Contemporary urban environments face increasingly complex and interconnected challenges—including climate change, evolving mobility patterns, urban sprawl, and resource scarcity—that demand strategic and forward-thinking planning approaches. In this context, the ability to envision and design future urban scenarios has become a key competency for students in engineering programs related to urban and regional planning, such as Civil and Environmental Engineering. These professionals must not only understand existing urban systems but also anticipate future conditions, explore alternative development paths, and assess the long-term impact of planning decisions. Developing this kind of prospective thinking requires interdisciplinary knowledge and technical skills spanning environmental sciences, ecology, geography, cartography, spatial analysis, and land-use planning. Accordingly, scenario-building methodologies have been integrated into the Bachelor's Degrees in Forest and Natural Resources Engineering at the Universidad Politécnica de Madrid (UPM), particularly through subjects focused on geoinformation technologies and 3D representation.
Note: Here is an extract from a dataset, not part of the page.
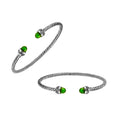 Sterling Silver Twisted Cable Bangle With Green Peridot Quartz and Oxidized Tribal Detailing For Wholesale Buyers.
As part of this evolving pedagogical approach, increasing attention is being given to innovative tools that help students better conceptualize and communicate future scenarios. In this context, virtual reality (VR) technologies offer promising opportunities to simulate and explore urban environments with greater spatial depth, interactivity, and immersive realism. Building on prior research highlighting the educational value of VR, this study explores its potential to support students in illustrating and communicating future urban scenarios more effectively than conventional media such as maps, diagrams, or narrative texts. It presents an educational innovation project based on immersive scenario-building within a challenge-based learning framework. The project involved a group of students who conceptualized and designed future urban scenarios for a central area of Madrid shaped by anticipated climate change impacts. Students used CityEngine to generate 3D models, which were then visualized in an immersive VR environment developed in Unity. Two questionnaires were administered to evaluate students’ perceptions of the tools’ usability, the effectiveness of VR for communicating spatial transformations, and the overall learning experience.

Results show that the VR experience enhanced students’ understanding of scenario-based thinking in urban planning and improved their ability to connect real-world contexts with prospective futures. The immersive environment strengthened spatial awareness, helping students better perceive dimensions, proportions, and spatial relationships, and identify design issues not evident in traditional 2D formats. Students also reported that VR was more effective than conventional media for communicating design intentions to external stakeholders. Despite some technical limitations—such as initial unfamiliarity with the software and limited free assets—students considered the activity valuable and meaningful. These exploratory findings support the integration of immersive technologies into engineering education and urban planning pedagogy. Future iterations of the project aim to expand the methodology, improve tool accessibility, and embed VR more fully into the design and decision-making process.

Keywords: Urban Scenario-Building, Virtual Reality (VR), Immersive Learning, Engineering Education, Spatial Representation, Climate Change Adaptation.